Krankenversicherung für alle

Boliviens Linkregierung will kostenfreies Gesundheitssystem einführen

  • Benjamin Beutler
  • Lesedauer: 2 Min.
2011 wird das kürzlich vorgestellte »Einheitssystem für Gesundheit« (SUS) in Kraft treten, gab der bolivianische Gesundheitsminister Eduardo Aillón in La Paz bekannt. Die neue Verfassung hat den freien und kostenlosen Zugang zu Gesundheit zum Staatsziel und Grundrecht erklärt.

Bolivien hat als Folge der Privatisierungspolitik der 1990er Jahre ein zersplittertes Krankenversicherungssystem. Wer es sich leisten kann, ist privat versichert oder zahlt Zahnarzt oder Krankenhaus selber. Über die öffentliche Arbeitnehmersozialversicherung (Cajas de Salud) sind circa 25 Prozent der angestellten Bolivianer krankenversichert. Bei Arbeitslosigkeit fällt diese aber oft innerhalb kurzer Zeit weg. Viele Arbeitnehmer werden zudem im Krankheitsfall entlassen und verlieren dann ihren Versicherungsschutz.

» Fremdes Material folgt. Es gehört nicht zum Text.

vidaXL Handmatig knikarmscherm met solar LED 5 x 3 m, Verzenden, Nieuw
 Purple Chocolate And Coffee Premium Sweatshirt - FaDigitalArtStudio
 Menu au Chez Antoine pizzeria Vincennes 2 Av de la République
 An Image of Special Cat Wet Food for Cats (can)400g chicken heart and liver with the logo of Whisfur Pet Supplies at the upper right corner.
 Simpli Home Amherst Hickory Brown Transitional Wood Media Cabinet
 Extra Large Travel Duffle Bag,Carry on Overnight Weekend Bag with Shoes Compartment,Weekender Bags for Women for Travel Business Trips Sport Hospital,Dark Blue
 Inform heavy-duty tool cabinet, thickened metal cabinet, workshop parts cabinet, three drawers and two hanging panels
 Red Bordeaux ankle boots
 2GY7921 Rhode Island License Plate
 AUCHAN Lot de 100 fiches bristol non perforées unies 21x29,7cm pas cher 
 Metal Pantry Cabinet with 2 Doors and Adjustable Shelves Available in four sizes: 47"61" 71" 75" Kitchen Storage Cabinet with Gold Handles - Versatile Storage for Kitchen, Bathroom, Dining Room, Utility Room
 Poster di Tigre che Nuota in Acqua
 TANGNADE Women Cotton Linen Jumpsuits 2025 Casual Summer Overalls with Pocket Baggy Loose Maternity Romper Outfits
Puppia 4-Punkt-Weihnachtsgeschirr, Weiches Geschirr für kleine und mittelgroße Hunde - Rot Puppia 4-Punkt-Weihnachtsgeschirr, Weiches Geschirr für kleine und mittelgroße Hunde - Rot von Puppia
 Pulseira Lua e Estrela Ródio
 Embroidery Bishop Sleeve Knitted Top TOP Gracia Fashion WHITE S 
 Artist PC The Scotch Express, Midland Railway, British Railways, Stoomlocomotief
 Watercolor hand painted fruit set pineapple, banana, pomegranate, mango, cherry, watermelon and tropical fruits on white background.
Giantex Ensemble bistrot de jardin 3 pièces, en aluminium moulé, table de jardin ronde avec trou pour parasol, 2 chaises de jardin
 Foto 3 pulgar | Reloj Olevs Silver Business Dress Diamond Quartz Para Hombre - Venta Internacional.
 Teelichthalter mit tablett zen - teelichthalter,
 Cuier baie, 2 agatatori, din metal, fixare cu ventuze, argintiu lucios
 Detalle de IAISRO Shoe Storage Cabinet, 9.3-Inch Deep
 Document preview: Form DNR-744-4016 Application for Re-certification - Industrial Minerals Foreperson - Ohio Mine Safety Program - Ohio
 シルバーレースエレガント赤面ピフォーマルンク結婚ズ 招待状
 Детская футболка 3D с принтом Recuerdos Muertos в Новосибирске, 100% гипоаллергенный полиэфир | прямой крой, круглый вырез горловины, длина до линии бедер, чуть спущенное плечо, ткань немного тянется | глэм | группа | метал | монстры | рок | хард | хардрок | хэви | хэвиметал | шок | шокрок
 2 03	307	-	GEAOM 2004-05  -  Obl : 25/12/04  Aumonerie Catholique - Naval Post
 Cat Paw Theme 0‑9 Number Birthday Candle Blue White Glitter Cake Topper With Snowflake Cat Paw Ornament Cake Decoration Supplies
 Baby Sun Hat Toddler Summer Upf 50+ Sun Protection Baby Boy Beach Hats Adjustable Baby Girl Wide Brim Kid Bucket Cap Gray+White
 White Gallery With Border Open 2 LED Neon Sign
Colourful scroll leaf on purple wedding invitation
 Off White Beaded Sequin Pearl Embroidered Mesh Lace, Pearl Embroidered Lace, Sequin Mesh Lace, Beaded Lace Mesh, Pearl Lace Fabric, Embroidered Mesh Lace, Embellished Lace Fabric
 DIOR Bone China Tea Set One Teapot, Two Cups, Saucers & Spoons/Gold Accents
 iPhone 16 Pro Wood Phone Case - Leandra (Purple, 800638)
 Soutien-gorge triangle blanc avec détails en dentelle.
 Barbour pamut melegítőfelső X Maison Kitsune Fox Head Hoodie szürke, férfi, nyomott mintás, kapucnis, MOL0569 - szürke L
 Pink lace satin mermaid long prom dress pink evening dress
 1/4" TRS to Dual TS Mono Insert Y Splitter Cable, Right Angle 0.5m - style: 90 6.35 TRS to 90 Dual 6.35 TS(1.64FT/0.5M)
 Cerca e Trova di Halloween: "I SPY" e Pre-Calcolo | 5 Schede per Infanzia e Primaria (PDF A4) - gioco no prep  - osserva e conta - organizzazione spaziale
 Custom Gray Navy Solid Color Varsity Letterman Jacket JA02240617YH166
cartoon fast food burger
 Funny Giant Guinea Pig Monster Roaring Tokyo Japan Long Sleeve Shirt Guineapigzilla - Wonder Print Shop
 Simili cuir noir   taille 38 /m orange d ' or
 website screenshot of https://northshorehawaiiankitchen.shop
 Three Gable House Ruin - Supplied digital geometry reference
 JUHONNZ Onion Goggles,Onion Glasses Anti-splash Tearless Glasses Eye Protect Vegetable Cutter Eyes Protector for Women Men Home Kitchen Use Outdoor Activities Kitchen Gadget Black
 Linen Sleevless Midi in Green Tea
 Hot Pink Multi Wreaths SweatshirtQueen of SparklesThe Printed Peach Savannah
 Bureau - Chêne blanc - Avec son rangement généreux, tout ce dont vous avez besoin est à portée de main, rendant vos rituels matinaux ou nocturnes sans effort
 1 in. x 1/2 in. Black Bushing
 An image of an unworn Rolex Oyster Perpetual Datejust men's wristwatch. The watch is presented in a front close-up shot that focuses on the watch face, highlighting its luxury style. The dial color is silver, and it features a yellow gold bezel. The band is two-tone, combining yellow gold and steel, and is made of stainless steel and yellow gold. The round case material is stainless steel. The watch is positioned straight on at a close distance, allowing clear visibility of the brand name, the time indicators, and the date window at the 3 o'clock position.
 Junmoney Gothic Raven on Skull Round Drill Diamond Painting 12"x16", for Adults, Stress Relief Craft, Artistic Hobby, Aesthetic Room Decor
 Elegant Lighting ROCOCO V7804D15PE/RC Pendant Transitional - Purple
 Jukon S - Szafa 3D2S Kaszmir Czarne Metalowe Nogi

In den staatlichen Sozialprogrammen wie der »Allgemeinen Mutter-Kind-Versicherung« (SUMI) und der »Versicherung für Rentner« (SSPAM) sind rund zwölf Prozent abgesichert. Doch sind SUMI (Schwangere, Mütter und Kinder bis fünf Jahre) und SSPAM (Alte über 60 Jahre) nur Versicherungen für einen kurzen Zeitraum. »70 Prozent der Bevölkerung haben also keinen garantierten Zugang zu Gesundheit«, so Aillón. Eine Gesetzesnovelle zur Einführung der Gratisversorgung SUS werde in Kürze verabschiedet.

»Mit dem SUS wollen wir all die erreichen, die bisher keine Krankenversicherung haben und jene, die in SUMI und SSPAM sind, werden ins neue System eingegliedert«, erklärt Jorge Gemio, Ministeriumssprecher. In der Einheitsversicherung wolle man die Cajas de Salud »nach und nach« zusammenführen. Mangelnde Abstimmung zwischen Cajas, staatlichen Programmen sowie Krankenhäusern und kleinen Krankenstationen gelte es zu beseitigen.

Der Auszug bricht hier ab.